Dharma Punks

April 18 1977

Still love remains

in some strong heart

keep your mind open

Kaleidoscope

So where was I?  Oh yeah.  April 18th.  A Monday.  I’ve driven to Southampton and scored the Stranglers new album and now I’m at Chamberlain which is just opening up a week early, which is good news because I can stay in my own room.  I want to rush in and play my new album, but I bump into Helen and Chris who are walking out of the hall, each carrying a box of stuff.  They’re loading up this old Triumph Herald which it turns out belongs to Chris.  It appears they’ve found a place on Derby Road and are moving out, so I offer to help and, as they haven’t got much gear between them, just mainly books, we easily get all of it in the Herald and me Mam’s car which is what I’ve borrowed and have driven over from London in.

I’ve known Helen pretty much since she arrived the previous October.  Her room was on the floor above mine at Chamberlain.  She has this round delicate face neatly framed with dark brown hair, a bit like one of those mid sixties haircuts you’d see Cilla Black wearing if you can remember that far back.  She has a wonderful smile that never leaves her face.  A wide peaceful smile that shines over everyone and calms the world like a full moon on a balmy night.  It’s the face I imagine Beatrice has in Dante’s Divine Comedy.  A pure, happy, blissful, beatific face.
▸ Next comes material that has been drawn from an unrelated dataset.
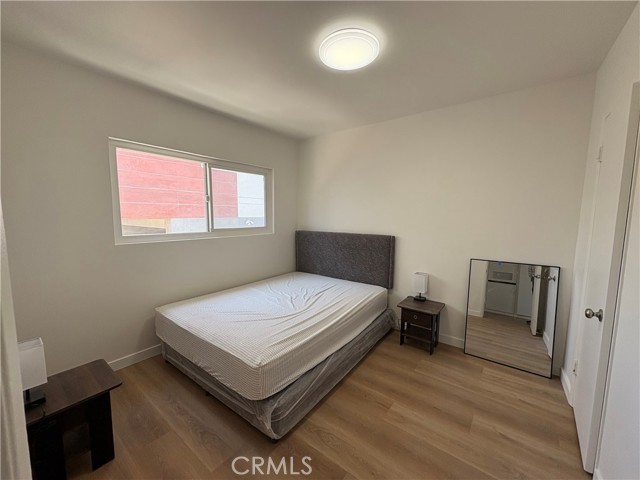 1103 S Hobart Boulevard, Los Angeles CA: https://media.crmls.org/medias/33c15e80-79a2-4bb7-808e-acc624cc135e.jpg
I started calling her Holly, when I first met her.  Well, I was going through a stage of giving everyone a nickname.  I think you pass through those kinds of phases when you’re a kid.  So why Holly?  Well, she was a holly hunter. She could have been a Holly Queen. Let me explain. Where I come from, we have Holly Queens every year. See, holly is thought to be a very important plant.  Like mistletoe.  It has powerful healing qualities.  It also symbolises deep and true love.  To give holly is to give a gift that will last forever.  It is to give a part of your soul.  That kind of sounds like Helen.

Back in the seventeenth century, just after the revolution, when Cromwell’s capitalists had entrenched themselves in England, there lived a rich landowner in Eastern Staffordshire who, among other things, managed to contrive for himself a monopoly in holly.  Well, it wasn’t a monopoly, but he had a lot and managed to cut down most of the holly trees he didn’t own, so the locals were forced to buy it from him at his prices.  Big deal, you might say, but the people of Eastern Staffordshire are a romantic lot and if they want to give a girl some holly, they’ll get it no matter what.  The folk that worked on the farms around him were always nicking it, which this fat cat didn’t like, so he tried to put a guard around his great holly bushes to stop it.  But the only folk he could get to do the watching were local lads who were only half interested.  At least that’s the way the story goes.  You get the feeling that it was a half-hearted sort of enforcement of the monopoly.  Not like Rupert Murdoch or Jeff Bezos.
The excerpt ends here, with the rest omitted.